### Problem details
After finding the line with "4 bedrooms Villa", restate it and each remaining line of the material word for word, omitting every picture.

### Data for this task
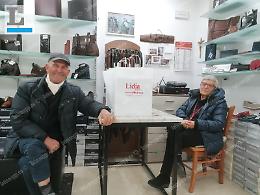 Chiude lo storico negozio in centro: «I tempi sono cambiati»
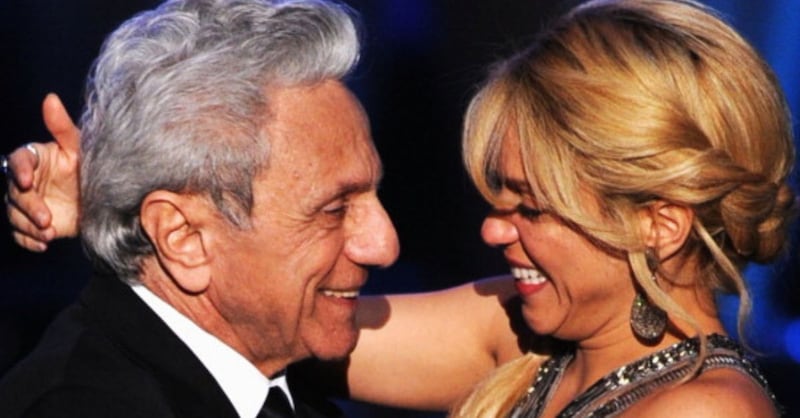 Shakira ya está con su padre en Colombia y así se pronunció con los fans en este momento difícil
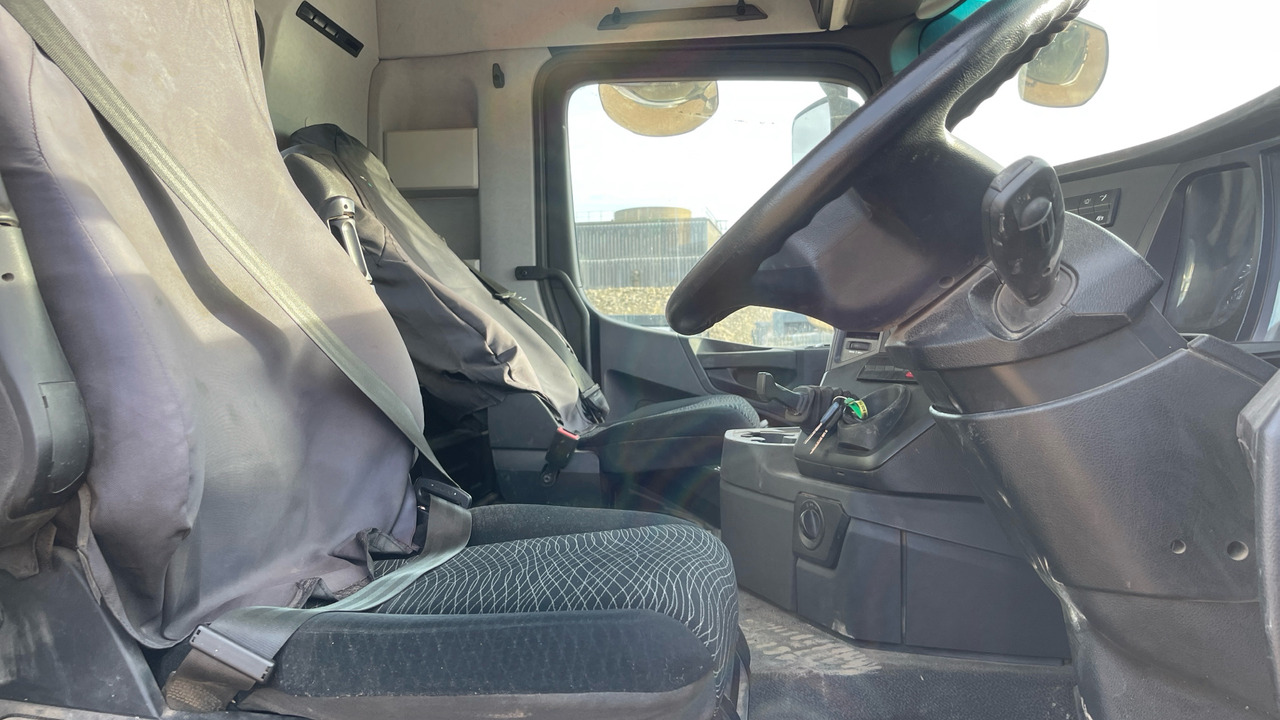 MERCEDES-BENZ AROCS 4140 - Asfaltmachine: afbeelding 5 MERCEDES-BENZ AROCS 4140 - Asfaltmachine: afbeelding 5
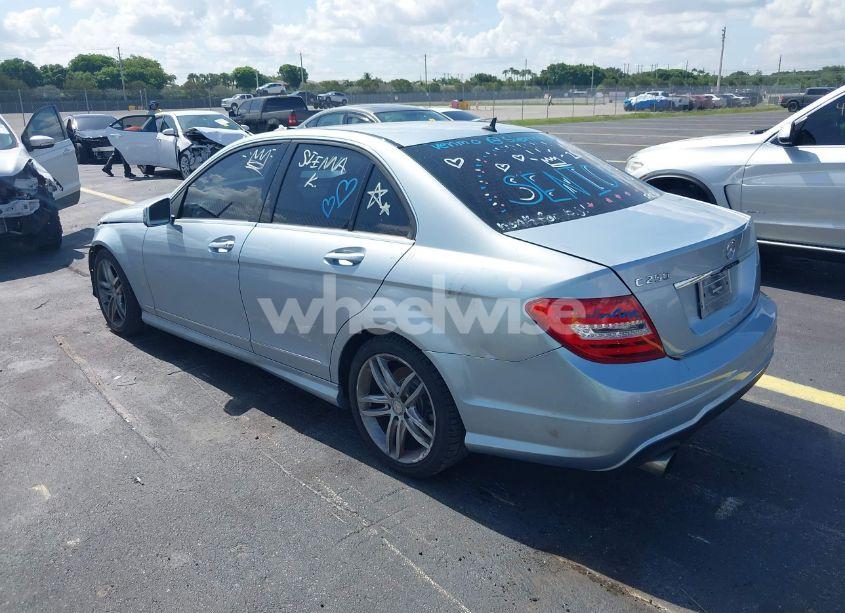 Photo 3 of 2013 Mercedes-benz C 250 LUXURY/SPORT (VIN WDDGF4HB8DR272457)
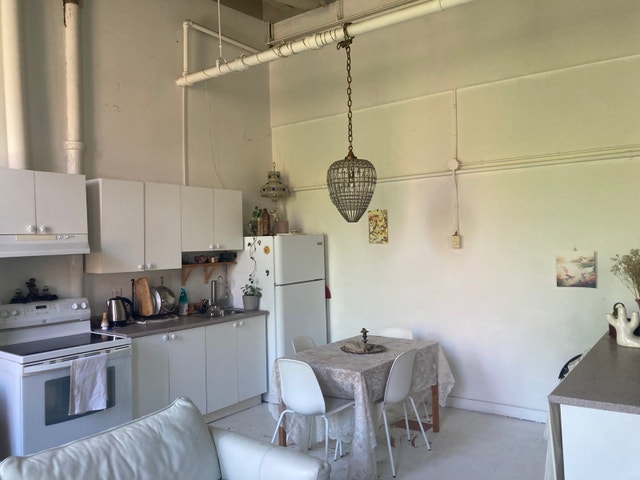 GRAND LOFT SOUS LOCATION À PARTIR DE SEPTEMBRE (TOUT INCLUS) — photo 2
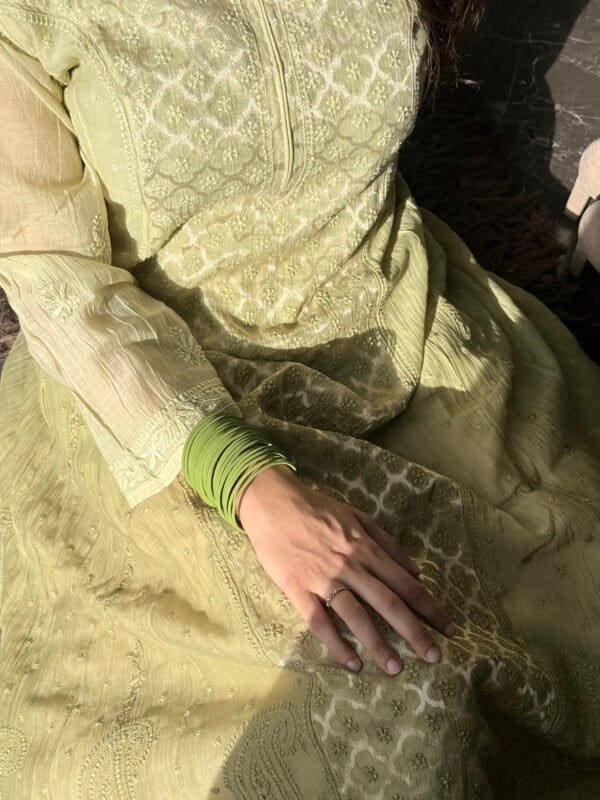 kali chikankri kurta pista green 3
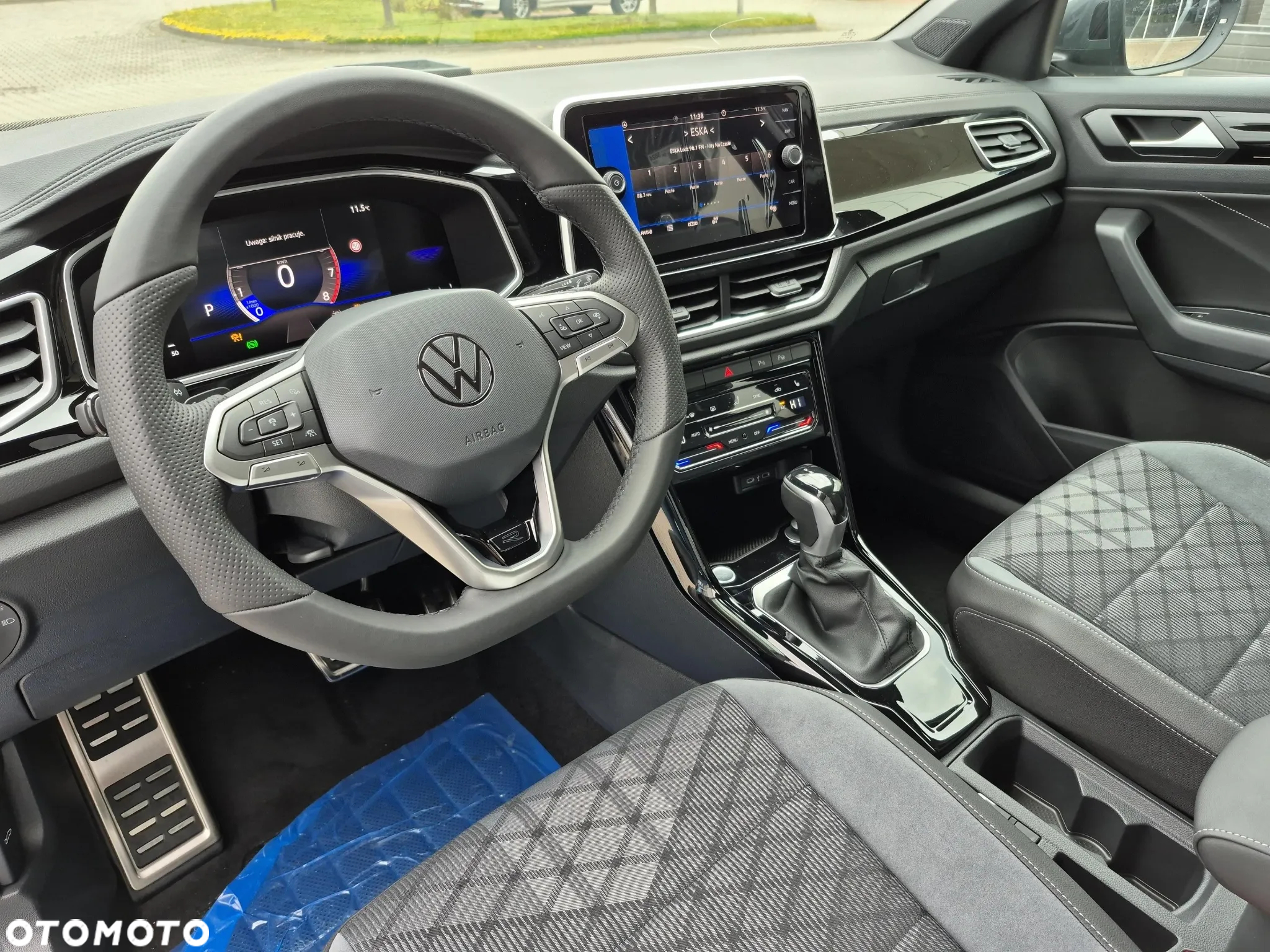 Volkswagen T-Roc - 9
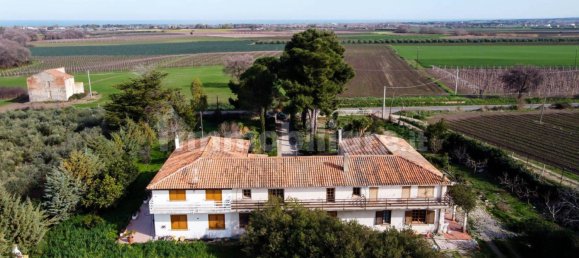 4 bedrooms Villa in Campomarino, Italy No. 225691 4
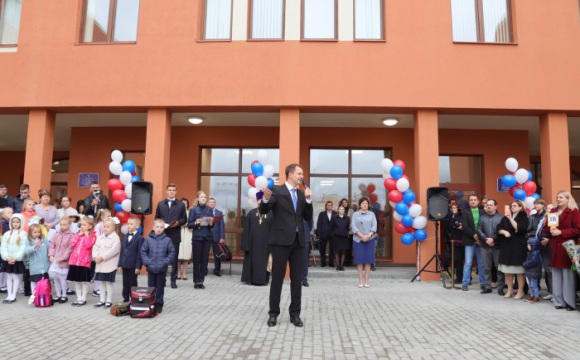 Дмитрий Волков поздравил школьников с 1 сентября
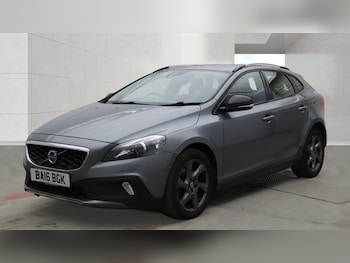 Used Volvo V40 2016 for sale - 78349578: Photo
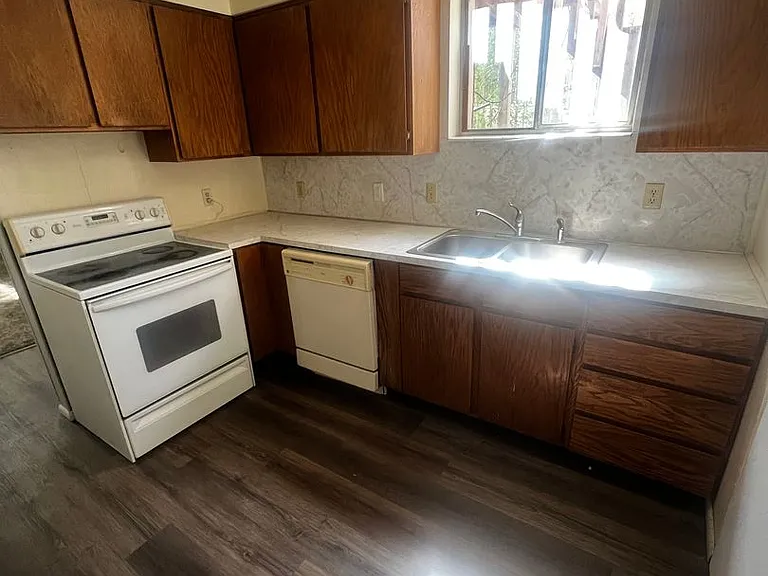 739 S Arthur Ave — Photo 6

### Task output
 4 bedrooms Villa in Campomarino, Italy No. 225691 4
 Дмитрий Волков поздравил школьников с 1 сентября
 Used Volvo V40 2016 for sale - 78349578: Photo
 739 S Arthur Ave — Photo 6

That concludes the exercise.